New to Seoul but feel like “home”

As an exchange student, moving to a new country can be both exciting and nerve-wracking. Everything is new, from the culture to the language, and it can take some time to adjust. However, I did find some similarities between UoA and SKKU, which gave me a little comfort and ease for adjusting and settling in.

New to Seoul

The first thing I had to do was adjust to my new living situation. I had to find my way around a new city, learn how to use public transportation, find my lecture rooms etc., and if you ask me about the biggest help we can get when we do all of these, I’d like to nominate the flatmates/roommates for the best helpers.

The alley from my place to SKKU

For the first couple of days after my arrival, I probably asked my flatmates twenty questions a day (a bit annoying I know), but please don’t feel embarrassed! One of my flatmates told me when she first got here, there was also a nice senior that helped her to live comfortably in Seoul, so this is a generation-to-generation tradition, and I’m sure most people would love to help because everyone has been there! Therefore, I was basically a “shadow” of my flatmates – I would follow them to the grocery store, convenience store, supermarket, bakery, metro, campus, and so on where they taught me the basic Korean conversation to use in these scenarios, how to deal with different situations, and told me the shortcuts in the campus for going to lectures.
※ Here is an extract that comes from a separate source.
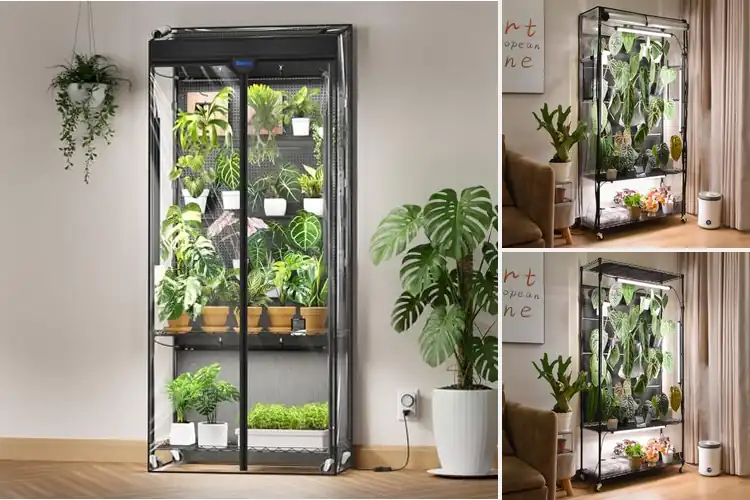 Detailed view of Best Vertical Grow Cabinets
Nevertheless, if your flatmates/roommates are also new to the country like you, don’t worry! It is always a great experience to explore the city with some new friends who carry the same curiosity as you, which is what I exactly did when I first went to New Zealand as an international student. I will never forget the sense of achievement when my friend and I figured something out on our own, and it is also less anxious to have someone by your side when you encounter some problems.

Feels like “home”

Adjusting to a new academic environment can be both exciting and challenging, and SKKU is such a vibrant university where the history (since 1398!) and architecture are incredibly rich.
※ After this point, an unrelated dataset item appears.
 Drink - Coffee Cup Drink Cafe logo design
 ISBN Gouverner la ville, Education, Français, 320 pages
I spent time walking around the campus, checking out the libraries, cafes, and sports facilities, and the first thing I experienced was – “I’m so tired!”. The whole campus is located on a small hill and as I walked along the steep roads, I suddenly had an illusion – “Am I walking on the Liverpool St/Wakefield St/East Wellesley St or am I in SKKU???”
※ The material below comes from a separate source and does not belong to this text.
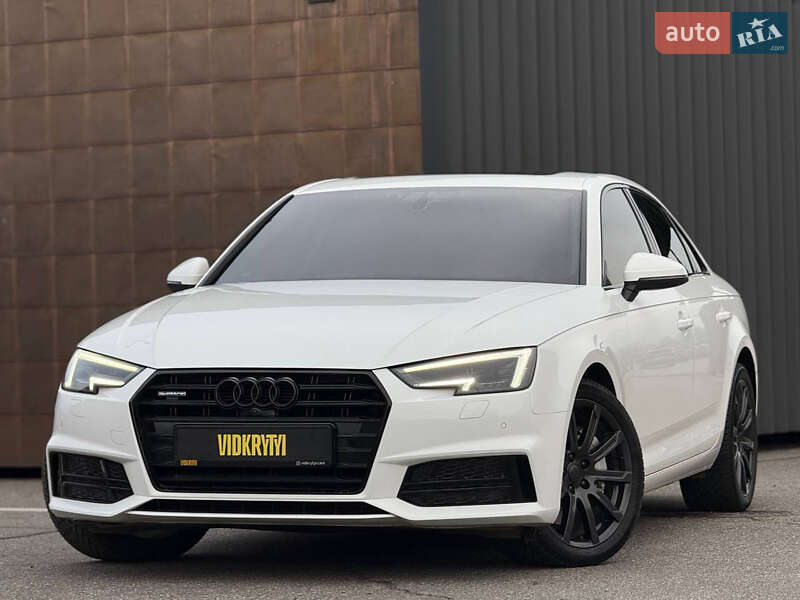 Седан Audi A4 2019 в Киеве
The main and steep road to each building
Another steep road to the “hill” top

Another thing I found familiar with UoA is the learning system SKKU use which is called LearningX. When I first opened it, I was like “OK I’ll still call it Canvas.” The distribution is exactly the same as Canvas such as the “Modules”, “Announcements”, “Discussions” etc. Therefore, it makes it a lot easier for me to access, organise the learning materials, and make study plans accordingly because it could be stressful or anxious if I miss out on some information from the professors.

The dashboard of LearningX

In conclusion, my first two weeks as an exchange student in Seoul were a mix of excitement, adjustment, and exploration. I had to adapt to a new environment, but I found that the experience was incredibly rewarding. I would encourage anyone considering studying here at SKKU to take the leap and embrace the new experiences that come with it.